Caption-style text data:
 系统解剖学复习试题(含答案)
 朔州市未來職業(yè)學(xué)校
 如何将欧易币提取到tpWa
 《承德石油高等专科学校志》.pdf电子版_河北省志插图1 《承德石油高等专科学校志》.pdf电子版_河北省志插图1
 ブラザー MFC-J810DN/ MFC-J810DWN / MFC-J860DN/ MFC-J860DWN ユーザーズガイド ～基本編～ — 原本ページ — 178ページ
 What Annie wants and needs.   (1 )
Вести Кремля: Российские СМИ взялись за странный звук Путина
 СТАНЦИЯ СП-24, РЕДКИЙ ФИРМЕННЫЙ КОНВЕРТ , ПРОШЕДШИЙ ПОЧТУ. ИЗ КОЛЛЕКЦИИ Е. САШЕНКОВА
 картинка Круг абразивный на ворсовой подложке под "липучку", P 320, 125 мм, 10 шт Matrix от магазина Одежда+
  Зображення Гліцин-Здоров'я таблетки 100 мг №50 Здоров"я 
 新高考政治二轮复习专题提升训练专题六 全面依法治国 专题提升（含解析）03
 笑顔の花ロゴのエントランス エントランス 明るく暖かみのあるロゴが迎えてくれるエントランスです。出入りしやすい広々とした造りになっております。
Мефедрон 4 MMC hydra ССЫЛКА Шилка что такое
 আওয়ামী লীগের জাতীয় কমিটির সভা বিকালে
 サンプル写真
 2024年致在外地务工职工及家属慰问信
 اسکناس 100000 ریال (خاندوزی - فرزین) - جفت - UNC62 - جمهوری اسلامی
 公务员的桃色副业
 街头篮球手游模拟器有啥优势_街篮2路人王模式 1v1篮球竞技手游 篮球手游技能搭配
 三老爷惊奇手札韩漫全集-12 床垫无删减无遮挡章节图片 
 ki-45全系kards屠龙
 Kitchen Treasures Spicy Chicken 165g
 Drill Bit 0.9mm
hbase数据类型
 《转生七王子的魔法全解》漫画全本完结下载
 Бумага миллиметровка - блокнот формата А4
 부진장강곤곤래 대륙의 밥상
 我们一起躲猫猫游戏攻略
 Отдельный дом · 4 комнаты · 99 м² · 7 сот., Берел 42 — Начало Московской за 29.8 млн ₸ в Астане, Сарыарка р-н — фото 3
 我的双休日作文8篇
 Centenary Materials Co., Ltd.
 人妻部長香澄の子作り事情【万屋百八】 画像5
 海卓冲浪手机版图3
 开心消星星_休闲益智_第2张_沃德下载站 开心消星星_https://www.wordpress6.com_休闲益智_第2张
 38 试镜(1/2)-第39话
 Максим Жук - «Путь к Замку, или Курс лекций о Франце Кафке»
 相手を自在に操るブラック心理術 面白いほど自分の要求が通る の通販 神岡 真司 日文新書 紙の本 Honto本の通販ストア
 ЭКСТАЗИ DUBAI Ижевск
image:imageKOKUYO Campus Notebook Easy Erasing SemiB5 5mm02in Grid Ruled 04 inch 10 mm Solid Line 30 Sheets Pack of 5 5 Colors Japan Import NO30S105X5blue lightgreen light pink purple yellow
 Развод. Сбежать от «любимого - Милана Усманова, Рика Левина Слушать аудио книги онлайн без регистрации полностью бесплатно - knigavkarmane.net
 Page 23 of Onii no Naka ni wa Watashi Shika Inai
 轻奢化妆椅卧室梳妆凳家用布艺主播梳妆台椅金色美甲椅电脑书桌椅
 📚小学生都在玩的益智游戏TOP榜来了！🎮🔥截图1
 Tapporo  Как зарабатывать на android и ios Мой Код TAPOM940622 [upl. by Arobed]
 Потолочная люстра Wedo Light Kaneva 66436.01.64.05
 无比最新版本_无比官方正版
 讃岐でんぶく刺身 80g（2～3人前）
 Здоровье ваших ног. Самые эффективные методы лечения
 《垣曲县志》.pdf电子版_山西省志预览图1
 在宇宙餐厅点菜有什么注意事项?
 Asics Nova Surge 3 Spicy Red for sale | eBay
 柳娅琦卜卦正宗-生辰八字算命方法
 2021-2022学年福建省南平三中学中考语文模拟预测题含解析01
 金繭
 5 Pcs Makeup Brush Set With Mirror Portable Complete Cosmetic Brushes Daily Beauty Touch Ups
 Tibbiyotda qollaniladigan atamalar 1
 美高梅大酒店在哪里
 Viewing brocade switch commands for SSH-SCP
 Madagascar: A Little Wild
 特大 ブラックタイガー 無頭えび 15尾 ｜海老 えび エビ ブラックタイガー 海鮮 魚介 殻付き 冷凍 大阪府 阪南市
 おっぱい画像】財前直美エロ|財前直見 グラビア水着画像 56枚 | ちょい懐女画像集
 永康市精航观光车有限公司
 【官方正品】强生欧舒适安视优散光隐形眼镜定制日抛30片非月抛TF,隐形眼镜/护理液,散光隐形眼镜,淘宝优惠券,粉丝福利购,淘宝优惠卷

**TASK DESCRIPTION:** An exact copy of every record above is required.

**RESULT OF THIS TASK:**
 系统解剖学复习试题(含答案)
 朔州市未來職業(yè)學(xué)校
 如何将欧易币提取到tpWa
 《承德石油高等专科学校志》.pdf电子版_河北省志插图1 《承德石油高等专科学校志》.pdf电子版_河北省志插图1
 ブラザー MFC-J810DN/ MFC-J810DWN / MFC-J860DN/ MFC-J860DWN ユーザーズガイド ～基本編～ — 原本ページ — 178ページ
 What Annie wants and needs.   (1 )
Вести Кремля: Российские СМИ взялись за странный звук Путина
 СТАНЦИЯ СП-24, РЕДКИЙ ФИРМЕННЫЙ КОНВЕРТ , ПРОШЕДШИЙ ПОЧТУ. ИЗ КОЛЛЕКЦИИ Е. САШЕНКОВА
 картинка Круг абразивный на ворсовой подложке под "липучку", P 320, 125 мм, 10 шт Matrix от магазина Одежда+
  Зображення Гліцин-Здоров'я таблетки 100 мг №50 Здоров"я 
 新高考政治二轮复习专题提升训练专题六 全面依法治国 专题提升（含解析）03
 笑顔の花ロゴのエントランス エントランス 明るく暖かみのあるロゴが迎えてくれるエントランスです。出入りしやすい広々とした造りになっております。
Мефедрон 4 MMC hydra ССЫЛКА Шилка что такое
 আওয়ামী লীগের জাতীয় কমিটির সভা বিকালে
 サンプル写真
 2024年致在外地务工职工及家属慰问信
 اسکناس 100000 ریال (خاندوزی - فرزین) - جفت - UNC62 - جمهوری اسلامی
 公务员的桃色副业
 街头篮球手游模拟器有啥优势_街篮2路人王模式 1v1篮球竞技手游 篮球手游技能搭配
 三老爷惊奇手札韩漫全集-12 床垫无删减无遮挡章节图片 
 ki-45全系kards屠龙
 Kitchen Treasures Spicy Chicken 165g
 Drill Bit 0.9mm
hbase数据类型
 《转生七王子的魔法全解》漫画全本完结下载
 Бумага миллиметровка - блокнот формата А4
 부진장강곤곤래 대륙의 밥상
 我们一起躲猫猫游戏攻略
 Отдельный дом · 4 комнаты · 99 м² · 7 сот., Берел 42 — Начало Московской за 29.8 млн ₸ в Астане, Сарыарка р-н — фото 3
 我的双休日作文8篇
 Centenary Materials Co., Ltd.
 人妻部長香澄の子作り事情【万屋百八】 画像5
 海卓冲浪手机版图3
 开心消星星_休闲益智_第2张_沃德下载站 开心消星星_https://www.wordpress6.com_休闲益智_第2张
 38 试镜(1/2)-第39话
 Максим Жук - «Путь к Замку, или Курс лекций о Франце Кафке»
 相手を自在に操るブラック心理術 面白いほど自分の要求が通る の通販 神岡 真司 日文新書 紙の本 Honto本の通販ストア
 ЭКСТАЗИ DUBAI Ижевск
image:imageKOKUYO Campus Notebook Easy Erasing SemiB5 5mm02in Grid Ruled 04 inch 10 mm Solid Line 30 Sheets Pack of 5 5 Colors Japan Import NO30S105X5blue lightgreen light pink purple yellow
 Развод. Сбежать от «любимого - Милана Усманова, Рика Левина Слушать аудио книги онлайн без регистрации полностью бесплатно - knigavkarmane.net
 Page 23 of Onii no Naka ni wa Watashi Shika Inai
 轻奢化妆椅卧室梳妆凳家用布艺主播梳妆台椅金色美甲椅电脑书桌椅
 📚小学生都在玩的益智游戏TOP榜来了！🎮🔥截图1
 Tapporo  Как зарабатывать на android и ios Мой Код TAPOM940622 [upl. by Arobed]
 Потолочная люстра Wedo Light Kaneva 66436.01.64.05
 无比最新版本_无比官方正版
 讃岐でんぶく刺身 80g（2～3人前）
 Здоровье ваших ног. Самые эффективные методы лечения
 《垣曲县志》.pdf电子版_山西省志预览图1
 在宇宙餐厅点菜有什么注意事项?
 Asics Nova Surge 3 Spicy Red for sale | eBay
 柳娅琦卜卦正宗-生辰八字算命方法
 2021-2022学年福建省南平三中学中考语文模拟预测题含解析01
 金繭
 5 Pcs Makeup Brush Set With Mirror Portable Complete Cosmetic Brushes Daily Beauty Touch Ups
 Tibbiyotda qollaniladigan atamalar 1
 美高梅大酒店在哪里
 Viewing brocade switch commands for SSH-SCP
 Madagascar: A Little Wild
 特大 ブラックタイガー 無頭えび 15尾 ｜海老 えび エビ ブラックタイガー 海鮮 魚介 殻付き 冷凍 大阪府 阪南市
 おっぱい画像】財前直美エロ|財前直見 グラビア水着画像 56枚 | ちょい懐女画像集
 永康市精航观光车有限公司
 【官方正品】强生欧舒适安视优散光隐形眼镜定制日抛30片非月抛TF,隐形眼镜/护理液,散光隐形眼镜,淘宝优惠券,粉丝福利购,淘宝优惠卷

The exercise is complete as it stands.